Sin embargo, no me entraban balas. Insistiría unos años más, hasta que llegué al colegio Los Reyes Rojos, donde viviría una experiencia inspiradora, compartiendo películas en el aula y yendo con frecuencia a El Cinematógrafo de Barranco, una salita de cine arte recién fundada y que fue crucial para los cinéfilos de aquellos tiempos sombríos. Con mis alumnos volví a comprobar el magnetismo que ejerce el cine en la infancia y adolescencia, como sucedía conmigo y mis compañeros de los sesenta y setenta —sobre todo con las películas épicas— y que hoy lo consiguen las sofisticadas películas de superhéroes, que abarcan incluso diversas generaciones.

¿Qué ocurría en ese colegio barranquino? ¿Es acaso la función que le concierne a la escuela? ¿Es lo que debe enseñarse, al igual que las ciencias naturales o la ciencia y la tecnología? ¿Deben respetarse los objetivos, los enfoques transversales, las evaluaciones por competencia? ¿Corresponde también a los padres de familia participar, como ocurre con el plan lector, en la elección de las películas? No, por favor, no. Evitemos convertir la proyección de una película y los comentarios en una asignatura del programa curricular.

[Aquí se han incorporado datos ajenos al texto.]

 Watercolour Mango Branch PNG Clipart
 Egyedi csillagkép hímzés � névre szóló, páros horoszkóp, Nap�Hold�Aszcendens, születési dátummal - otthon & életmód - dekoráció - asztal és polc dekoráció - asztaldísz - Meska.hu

La postura que tengo frente al cine o al deporte —no me refiero al área de Educación Física— es la misma que sostuve en Un placer ausente (2013). Por eso creo haber cuidado el uso de dos términos en la redacción del presente estudio: enseñanza versus educación, cuyos significados los define muy bien Alain Bergala (2007) y que explican lo que se vivía en el colegio Los Reyes Rojos durante la década de los ochenta:

[…] el arte quedará necesariamente amputado de una dimensión esencial si se deja en manos únicamente de la enseñanza entendida en el sentido tradicional, como disciplina inscrita en el programa y en el horario de los alumnos […] cualquier forma de encerramiento en la lógica disciplinar reduce el alcance simbólico del arte y su potencia de revelación, en el sentido fotográfico del término. El arte, para seguir siendo arte, tiene que seguir siendo un germen de anarquía, escándalo y desorden. (p. 33)

No se alarmen, queridos colegas. Tenemos tantos escritores que fueron maestros de escuela y, hasta donde sabemos, su actitud rebelde y contestaria de creadores jamás los impulsó a tomar un local escolar ni a secuestrar a un director. Mencionemos a algunos: César Vallejo, José Portugal Catacora, Francisco Izquierdo Ríos, José María Arguedas, Rosa Cerna Guardia, Oswaldo Reynoso y Óscar Colchado Lucio. Tal vez sin esa experiencia enriquecedora no hubieran podido escribir obras tan valiosas como Paco Yunque (1951), Niños del Kollao (1937), Gregorillo (1957), Los ríos profundos (1958), Los días de carbón (1968), Los inocentes (1961) y Tras las huellas de Lucero (1980), respectivamente.

En Los Reyes Rojos de aquellos años, trabajaban maestras y maestros que cultivaban, además, la música, la poesía, la pintura, el diseño gráfico… Había entonces una efervescencia cultural que llevó al colegio a fundar una editorial propia, a ofrecer un cineclub, a presentar conciertos musicales y funciones de teatro; un ambiente así era ideal para organizar un curso de historia, como hicimos para los últimos grados de primaria, a partir de filmes como La guerra del fuego (1981) y El nombre de la rosa (1986), de Jean-Jacques Annaud; La misión (1986), de Roland Joffé; Amadeus (1984), de Milos Forman; 2001: Odisea del espacio (1968), de Stanley Kubrick; y Blade Runner (1982), de Ridley Scott.